The spread of the novel coronavirus (SARS-CoV-2) has triggered a global emergency, that demands urgent solutions for detection and therapy to prevent escalating health, social, and economic impacts. The spike protein (S) of this virus enables binding to the human receptor ACE2, and hence presents a prime target for vaccines preventing viral entry into host cells. The S proteins from SARS and SARS-CoV-2 are similar, but structural differences in the receptor binding domain (RBD) preclude the use of SARS-specific neutralizing antibodies to inhibit SARS-CoV-2. Here we used comparative pangenomic analysis of all sequenced reference Betacoronaviruses, complemented with functional and structural analyses. This analysis reveals that, among all core gene clusters present in these viruses, the envelope protein E shows a variant cluster shared by SARS and SARS-CoV-2 with two completely-conserved key functional features, namely an ion-channel, and a PDZ-binding motif (PBM). These features play a key role in the activation of the inflammasome causing the acute respiratory distress syndrome, the leading cause of death in SARS and SARS-CoV-2 infections. Together with functional pangenomic analysis, mutation tracking, and previous evidence, on E protein as a determinant of pathogenicity in SARS, we suggest E protein as an alternative therapeutic target to be considered for further studies to reduce complications of SARS-CoV-2 infections in COVID-19.

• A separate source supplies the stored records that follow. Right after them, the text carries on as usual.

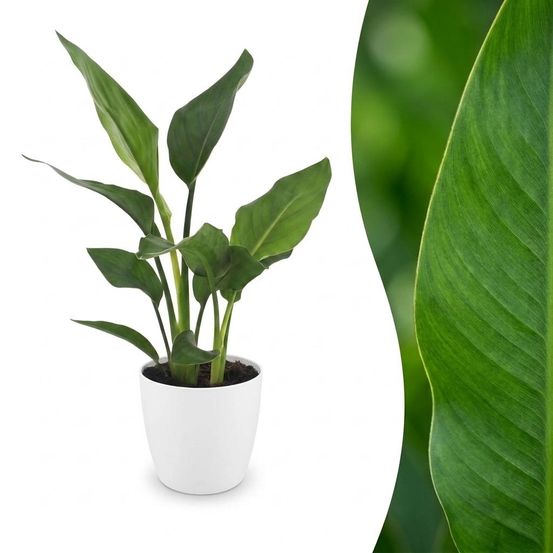Strelitzia reginea - oiseau de paradis - pot de 12cm - plantes d'intérieur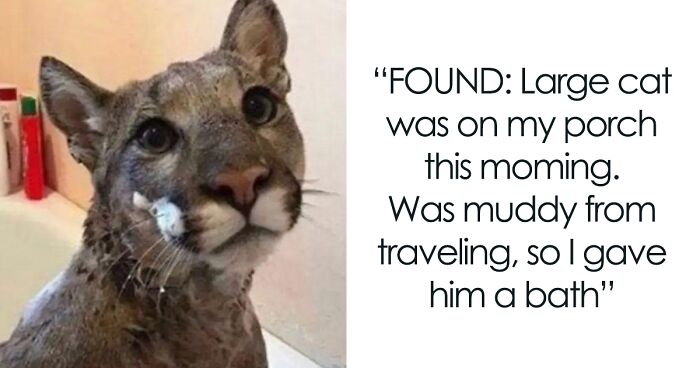 This Twitter Page Is Dedicated To Mischievous Animals And Here Are 50 Of Their Best Pics (New Pics)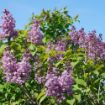 Scentara® Double Blue Lilac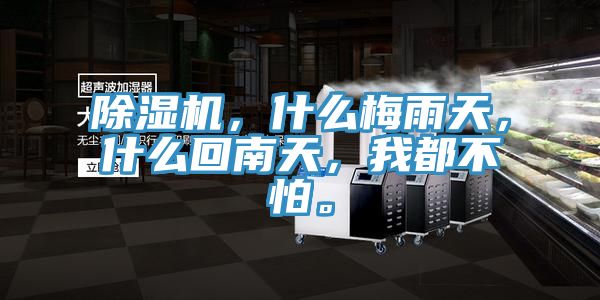 除濕機，什么梅雨天，什么回南天，我都不怕。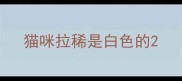 猫咪拉稀是白色的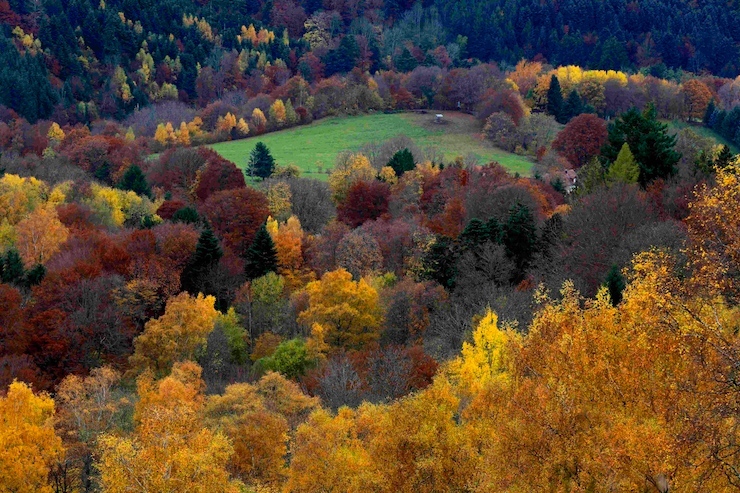 Late autumn colours in Vosges mountains mark a change in season in Rimbach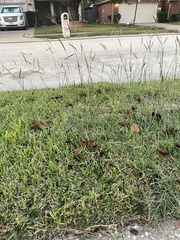 Dichanthium aristatum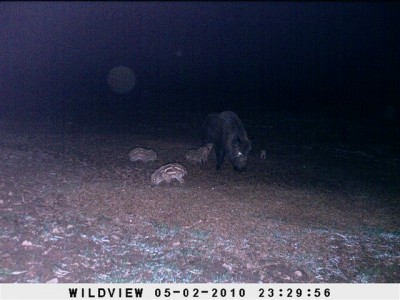 Kaamera 2010_05_04 008.jpg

新型冠状病毒（SARS-CoV-2）的传播引发了全球性紧急情况，需要紧急解决方案进行检测和治疗，以防止对健康，社会和经济的影响不断升级。该病毒的刺突蛋白（S）能够与人类受体ACE2结合，因此成为预防病毒进入宿主细胞的疫苗的主要靶标。来自SARS和SARS-CoV-2的S蛋白相似，但是受体结合域（RBD）的结构差异使得无法使用SARS特异性中和抗体来抑制SARS-CoV-2。在这里，我们使用了所有测序参考的比较性全基因组分析冠状病毒，并辅以功能和结构分析。该分析表明，在这些病毒中存在的所有核心基因簇中，包膜蛋白E显示了SARS和SARS-CoV-2共有的变异簇，具有两个完全保守的关键功能特征，即离子通道和PDZ结合基序（PBM）。这些特征在引起急性呼吸窘迫综合征的炎性体的活化中起关键作用，所述炎性体是SARS和SARS-CoV-2感染的主要死亡原因。结合功能性蛋白质组学分析，突变追踪和以前的证据，我们认为E蛋白是SARS致病性的决定因素，我们建议将E蛋白作为替代治疗靶点，以进行进一步的研究以减少SARS-CoV-2感染的并发症。新型冠状病毒肺炎（COVID-19）：新冠肺炎（COVID-19）：COVID-19。